Sunday, July 24, 2005
  Will you be my Johnny Cash?
Lots has been up lately. Allow me to elaborate via a list because I'm lazy:

* I recently got into a lot of crap at work because I had a really awful rage-on last thursday against my crew. I essentially worked my ass off all day picking those damn thistles, and heard nothing about garbage about my entire crew all day, and later, got ripped on by another crew joining in with my crew about how "they" had finished clearing a spot of thistles that I walked into, when they clearly hadn't. I'd pulled about three armloads out of fully mature (ie-taller than me) russian thistles by the time they got to me and actually told me that, along with the information that they'd just been pulling off the leaves so the plants were no longer recognizable as thistles, or kicking them down and flattening them. And the rage burned silently. Finally, at the end of the day, I confided in a shrub crew member (evidently one that didn't have as much oomph as I'd hoped she would) that I would be interested in a change of crew next year to trees & shrubs instead of grass. By the time I got home that night, I was seriously in the most inconsolable rage ever. I was like shaking I was so angry with work, and from the effort of keeping it all in and not exploding on my crewmates. My foreman got a wind of the shrubby conversation the next morning however, and bawled me out in a "drive" in the foreman truck right at the beginning of the shift, and made me feel like a complete louse for the whole day. It completely didn't dawn on me that I was disrespecting him, until after he had to point it out, which is completely awful. And I also realized that once again, I'm taking this stupid job much more seriously then I should be. So the next day was fine, because I pulled out of it. It was even enjoyable.

I realized that I'm so afraid of getting into trouble, or forgetting how to work hard, or doing things that I completely know are so unethical (like the things my crewmates are very apt to do) that my working manners go into complete overdrive. I can't afford to lose this job. They can, and I can't, and I worry myself sick about it and turn into the biggest bitch ever as a result. I won't deny though that there may have also been some PMS at work either.
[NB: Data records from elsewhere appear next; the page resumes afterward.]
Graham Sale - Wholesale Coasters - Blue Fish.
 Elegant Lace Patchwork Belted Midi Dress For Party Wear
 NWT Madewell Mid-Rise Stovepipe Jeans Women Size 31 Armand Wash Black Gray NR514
*I'm a big ball of stress. My financial situation has taken a startling divebomb in the last few weeks, and I'm rather paranoid about it, and upset that my parents might find out and hate my guts because the amount of money that I will be contributing to my life at this point is the lowest it's been in the last four years. It's downright pathetic, so I've been reading student loan stuff all evening and fretting. When it really comes down to it, I'll still have the option of a Student Line of credit, but of course I'll still worry myself sick about how my parents are going to take it when I tell them I have about eight hundred and seventy five bucks to my name with only four weeks or so of work left for the summer, when I should feasibly have something like four grand at least, like last year. I seriously don't know what happened, I'm usually so fucking frugal and something has gone horribly wrong with me this summer, because I've been pissing it away like crazy.
The good news is that if I get a student loan, I'm also eligible for a Northern Alberta Development student bursary, which ranges from $500-$1500. All you have to do is be over "the line" that segregates northern Alberta from Southern, and CL just made it. It's not much, but it would help.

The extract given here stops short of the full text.